Minor White Characters

Character Analysis

Mr. Montier and Mr. Harrison

These two white landowners never get any screen time, but other characters refer to them several times.

Mr. Montier owns a lot of former plantation land in the area, and is quite ruthless (along with Mr. Granger) with the families who rent his land. After he finds out about the boycott of the Wallace store, he makes his sharecroppers pay him a larger percentage of their cotton crops than before.

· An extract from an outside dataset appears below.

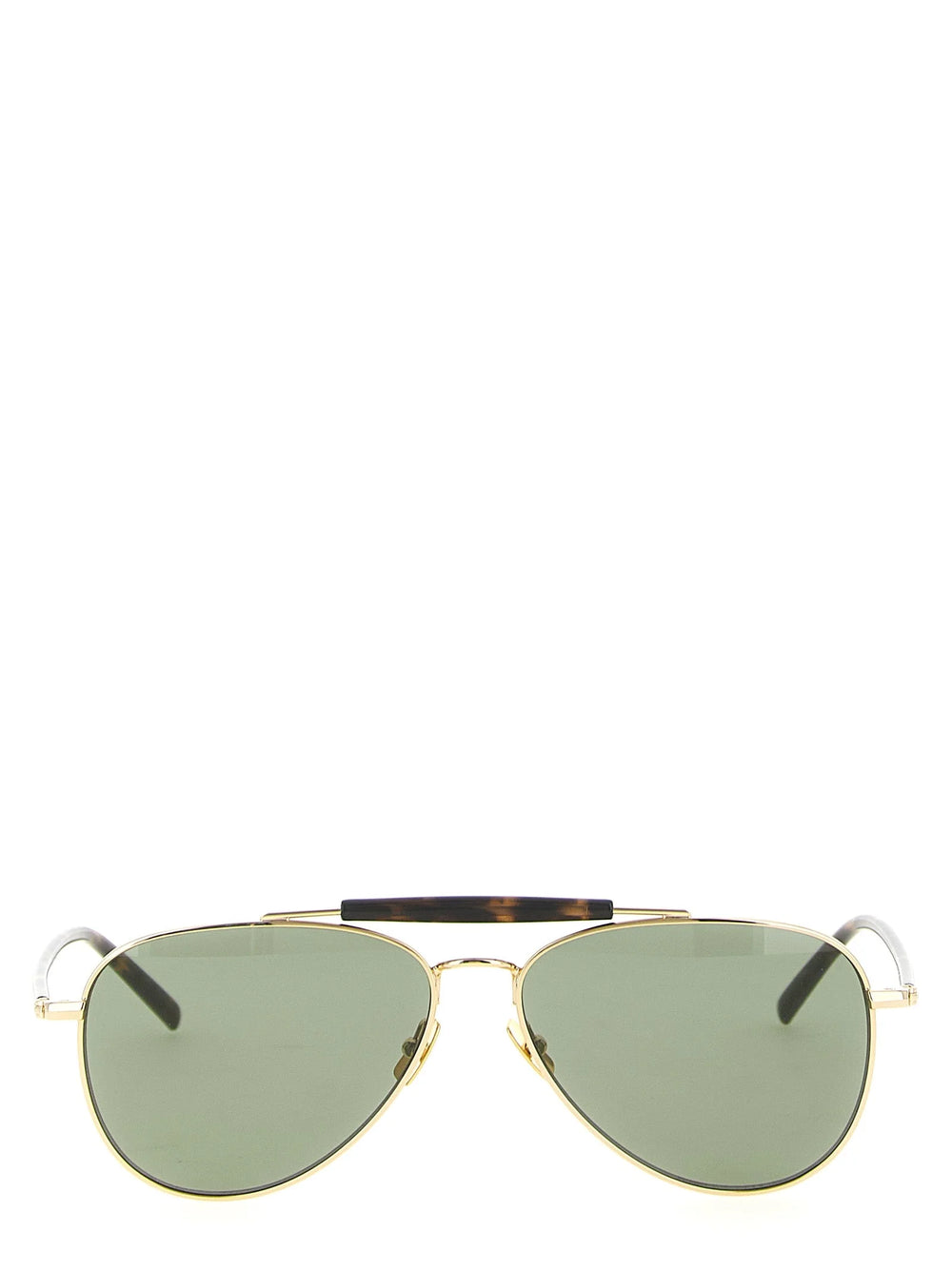 Lunettes de soleil Saint Laurent pour homme avec une monture en acétate multicolore et des verres teintés foncés dans une silhouette carrée classique.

Not Mr. Harrison. He deals fairly with the African-American families. Mr. Avery describes him as a "decent man" (9.72).

Mr. Grimes

Mr. Grimes is the school bus driver for Jefferson Davis County School. It's fitting that he has a grimy name, since he's a slimy, grimy man; he finds it hilarious to splash the black children with mud and dust every day with his school bus by barreling down the dirt road while carrying the white children to school. He gets his in the end, though, when the Logan children sabotage the bus and he makes the first-hand acquaintance of the mother of all potholes, putting his precious bus is out of commission for at least two weeks.

Sheriff

The sheriff doesn't even have a name in the novel, so he's here pretty much as a figure for corrupt justice. Throughout the story, he lets the white mobs get away, literally, with murder. The book strongly implies that he's in Mr. Granger's pocket and does what he says. He's willing to let the mob carry T.J. off for lynching—just as long as they don't do it on his land (check out the "Justice and Injustice" section in "Themes" and you'll see what we mean).